Sent from my SM-G960U using Tapatalk
 
If China is going to copy your item, then price it accordingly.

For example. If you make a new baseball and it costs $10. Why sell it for $11 when you will only sell 10,000 of them before China copies you. If you sell them for $14 each and sell 7,500 of them, that's $30,000 in profit instead of $10,000. That's also as long as the market can handle a $14 price for a baseball. China is going to screw over everyone who makes an item for less than $100. So you may as well get it good while you can.

Honestly thats not entirely true, i have currently 2 products were i have played the last man standing game. It helps they have all been things i can make exceedingly cheaply and in one case from effectively ofcuts, hence near zero cost to actually make apart from a little time. There just a bent, formed and drilled component, so no ooling cost that matters, its kinda pure labour.

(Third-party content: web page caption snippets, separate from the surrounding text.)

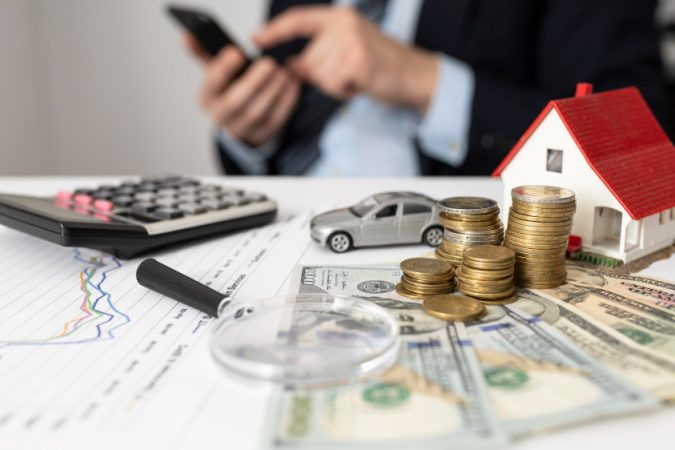 disposicion-vista-frontal-elementos-economicos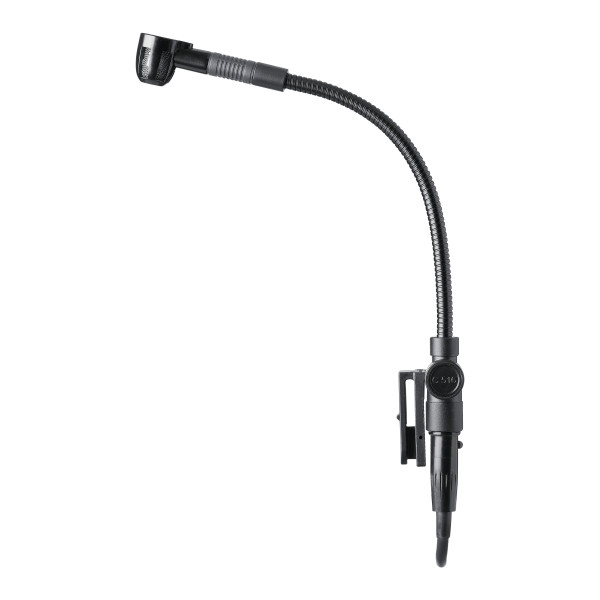 AKG C516 ML -  микрофон инструментальный для баяна, аккордеона, фортепиано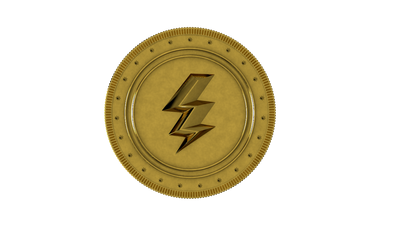 reward item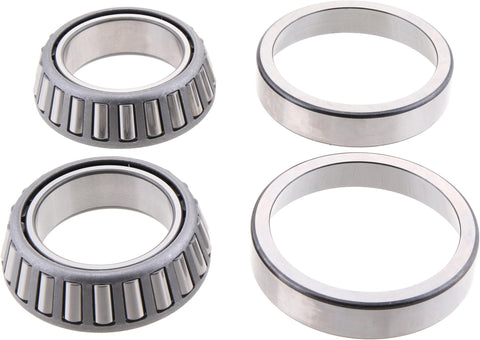 Bearing Spicer Kit 2007293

I have been sitting on a third product that use to do well but got extensively copied almost to death, went into a price war on that and made a little money, but more so just cleared my stocks. Well seams i dropped the price so much 2 of the competitors on that one closed up shop. hence i probably better try another batch before too long. Theres probably a load of quick sales to be had at a good price before the competition starts up, but i kinda need to almost make em to order as im sure some one else will have another pop at competing with me on those! Hence the secret of get em made and sold Fast and FIRST!
 
That's true, I just made a reference to a baseball because it is a very common item, but if your building a specialty item, say a turbo for a sports car, people want quality over price. There are a hundred different variables that comes into play when setting pricing.


Like you can sell baseballs or airplanes, each one will have a different price setting.

Sent from my SM-G960U using Tapatalk
 
don't forget to factor in liability insurance into the cost of the product, that's about 10k per year, make sure to amortize this into your product cost as well.